CRM consultancies Caribou Lake Customer-1, CRM Guru and Mangen Research Associates recently set out to determine the reasons that CRM implementations succeed – that is, produce a return on investment – and fail. They gathered data from more than 600 respondents across a range of company sizes and market sectors, with 448 of those respondents reporting at least partial ROI. The new study, The Blueprint for CRM Success: Results of a comprehensive study identifying best practices leading to ROI and factors contributing to failure, found that the presence of customer-centric strategies is the leading predictor of CRM success – by a substantial margin.

This isn’t new news acknowledge the study’s authors, but it’s a bitter pill for companies that want to implement CRM without becoming customer-centric – and there are many of them.
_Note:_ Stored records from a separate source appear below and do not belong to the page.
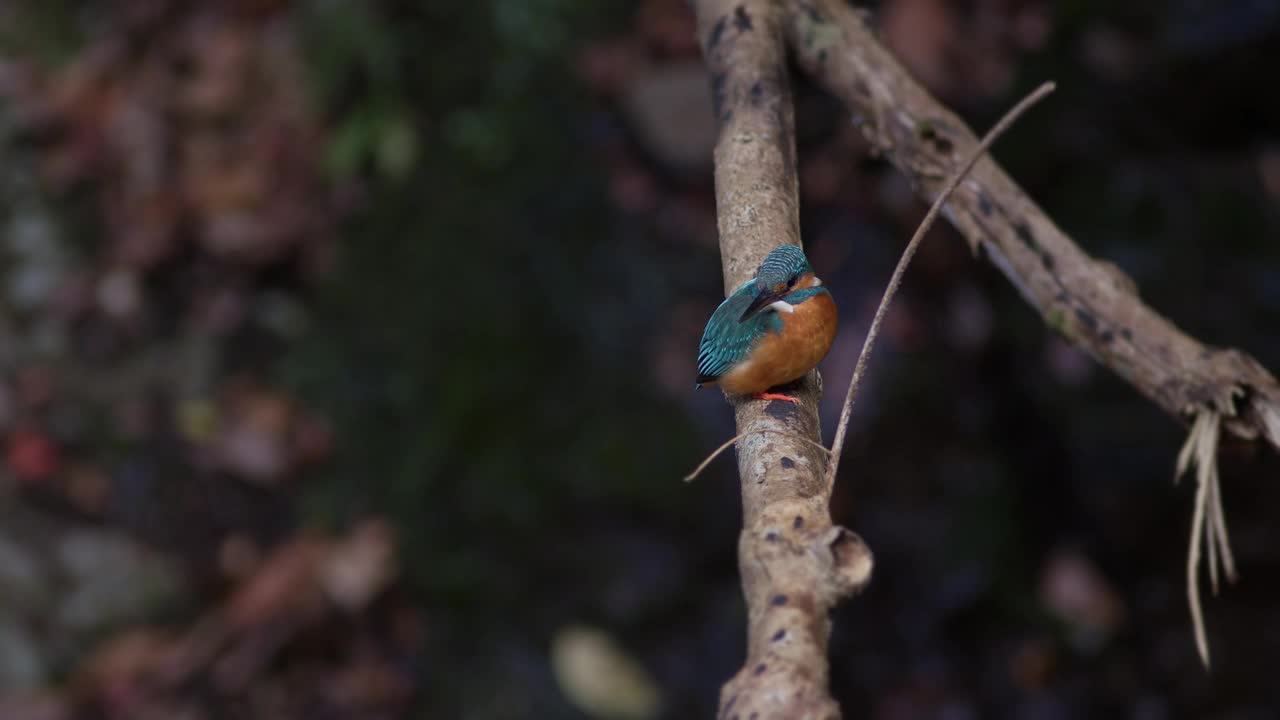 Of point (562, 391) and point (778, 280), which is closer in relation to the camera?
point (778, 280)

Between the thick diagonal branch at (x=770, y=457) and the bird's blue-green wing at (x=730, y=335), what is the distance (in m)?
0.07

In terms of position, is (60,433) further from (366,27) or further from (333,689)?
(366,27)

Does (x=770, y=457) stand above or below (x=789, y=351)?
below

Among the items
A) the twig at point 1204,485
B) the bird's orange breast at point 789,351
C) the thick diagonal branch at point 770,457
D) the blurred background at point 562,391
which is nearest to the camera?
the thick diagonal branch at point 770,457

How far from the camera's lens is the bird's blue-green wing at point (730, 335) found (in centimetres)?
168

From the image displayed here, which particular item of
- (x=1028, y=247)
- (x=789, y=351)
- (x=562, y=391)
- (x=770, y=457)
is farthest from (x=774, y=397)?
(x=562, y=391)

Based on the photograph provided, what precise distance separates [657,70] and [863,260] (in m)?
1.30

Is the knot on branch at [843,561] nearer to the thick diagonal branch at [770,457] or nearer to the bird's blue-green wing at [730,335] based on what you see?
the thick diagonal branch at [770,457]

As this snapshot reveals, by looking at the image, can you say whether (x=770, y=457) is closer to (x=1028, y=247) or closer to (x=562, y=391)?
(x=1028, y=247)

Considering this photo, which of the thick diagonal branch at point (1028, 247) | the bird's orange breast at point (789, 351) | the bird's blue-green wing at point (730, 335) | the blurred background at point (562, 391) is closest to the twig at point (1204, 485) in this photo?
the thick diagonal branch at point (1028, 247)

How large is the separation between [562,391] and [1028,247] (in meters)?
2.63

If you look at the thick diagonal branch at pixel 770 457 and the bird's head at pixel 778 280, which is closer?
the thick diagonal branch at pixel 770 457

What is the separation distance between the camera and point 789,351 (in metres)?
1.67

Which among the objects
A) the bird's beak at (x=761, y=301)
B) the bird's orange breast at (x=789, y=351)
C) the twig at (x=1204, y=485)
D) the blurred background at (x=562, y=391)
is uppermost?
the blurred background at (x=562, y=391) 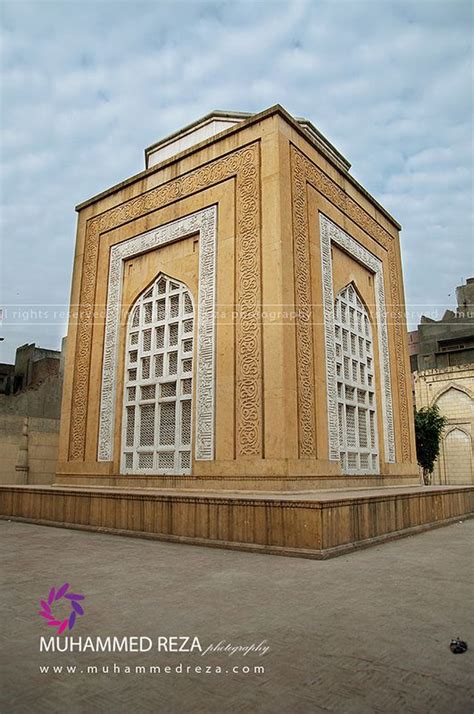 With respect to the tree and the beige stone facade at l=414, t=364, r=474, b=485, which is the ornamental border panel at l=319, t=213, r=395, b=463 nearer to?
the tree

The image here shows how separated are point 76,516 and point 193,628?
443 centimetres

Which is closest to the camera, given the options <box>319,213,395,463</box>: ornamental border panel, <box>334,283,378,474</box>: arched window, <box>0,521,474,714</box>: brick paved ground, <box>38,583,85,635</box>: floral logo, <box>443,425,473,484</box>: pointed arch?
<box>0,521,474,714</box>: brick paved ground

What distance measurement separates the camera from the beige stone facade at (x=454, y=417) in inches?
725

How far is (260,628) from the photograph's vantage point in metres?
2.21

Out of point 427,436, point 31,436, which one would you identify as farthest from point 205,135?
point 427,436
But the numbers don’t lie. Overwhelmingly, they show that companies attempting CRM in the absence of some significant semblance of customer-centric strategies routinely fail. The bottom line: If your company is looking at a CRM implementation but has no plans to adopt customer-centric strategies, save your money. Other predictors of CRM success include line-level training and support, making organizational changes and setting measurable goals.

Of potentially as much interest as the factors that determine CRM success are those factors that have no bearing on the success or failure of a CRM project despite commonly held beliefs to the contrary. For example, the researchers found that software selection had no significant bearing on outcome. “In direct contradiction to much of the CRM industry software advertising, no other factors, including software selection methodology and actual vendor selection, are statistically significant predictors of positive outcomes,” they write. “According to the data, buying Siebel, probably the most aggressive industry advertiser in touting the success of its implementations, does not statistically improve chances of success. Nor, for that matter, does buying any other brand of software. The implementation steps preceding software selection are what make the difference.”